307-9 Intercropping Kura Clover with Winter Cereals to Increase Spring Forage Production.

Poster Number 918

See more from this Division: C06 Forage and Grazinglands
See more from this Session: Forage and Grazinglands: I

Tuesday, November 17, 2015
Minneapolis Convention Center, Exhibit Hall BC

Kenneth A. Albrecht, Agronomy Dept, University of Wisconsin-Madison, Madison, WI, Maciej Kazula, Agronomy, University of Wisconsin-Madison, Madison, WI, Brook Luers, Statistics, University of Wisconsin-Madison, Madison, WI, Jadwiga Andrzejewska, Agrotechnology, University of Technology and Life Sciences-Bydgoszcz, Bydgoszcz, Poland and Shawn P. Conley, Department of Agronomy, University of Wisconsin-Madison, Madison, WI
Abstract:
Kura clover (Trifolium ambiguum M. Bieb.) has lower yield and much greater nutritive value than alfalfa (Medicago sativa L.). There is potential to increase yield while maintaining reasonably high nutritive value by intercropping Kura clover with winter cereals. The objective of this research was to compare forage yield and nutritive value of cereal-legume mixtures, with cereals or Kura clover grown in monoculture, and harvested at two different maturity stages in spring. Winter rye (Secale cereale L.), winter wheat (Triticum aestivum L.), and winter triticale (×Triticosecale rimpaui Wittm.) were sown in autumn in monoculture and mixture with Kura clover over 4 years. Average yields were 4.7, 4.1, and 2.6 Mg ha-1 monoculture cereals, mixtures with Kura clover, and Kura clover harvested when cereals were in the boot stage.

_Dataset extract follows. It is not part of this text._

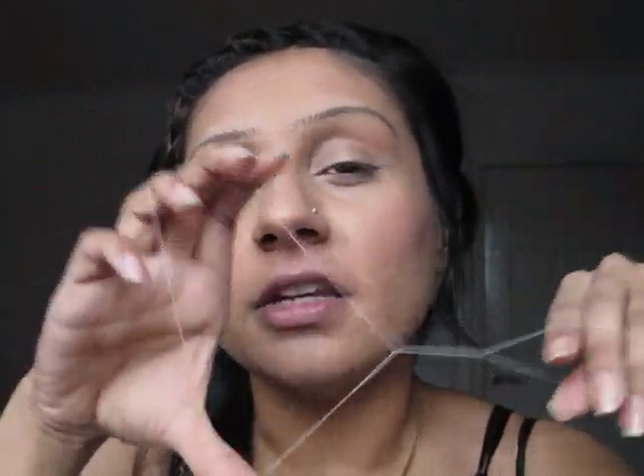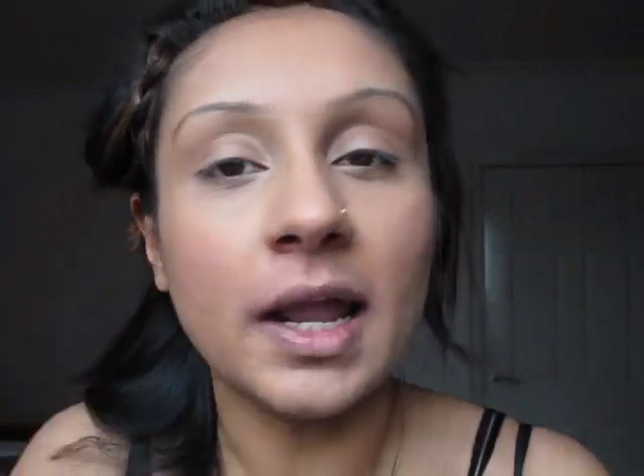Doing that stretches the skin. I haven't got any hair at the moment but I'll show you what you do. The action is back and forward — that's it. You place it on your skin, open your hands so it goes forward and pulls out the hairs, then lift it off the skin and open again. That's all it is.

Because of rapid stem elongation of winter cereals and Kura clover, milk stage yields were almost 100% greater. Clover proportion in mixtures decreased from 52% in boot to 38% in milk stage. Forage mixtures and monocultures harvested at boot stage were higher quality than at milk stage. Winter rye had greater forage quality at boot stage and lower at milk stage among the cereal crops, and winter wheat and triticale were similar at both stages. The quality of mixtures and monoculture Kura clover was always greater than that of monoculture grasses. Mixtures had on average 28% greater crude protein, slightly greater in vitro true digestibility (>4%) and neutral detergent fiber digestibility (>3%), and 14% lower neutral detergent fiber than grass monocultures. Therefore, winter cereal crops can be successfully managed with Kura clover for forage production in the Upper Midwest by maximizing forage quality with boot stage harvests or achieving higher yields by harvesting at the milk stage.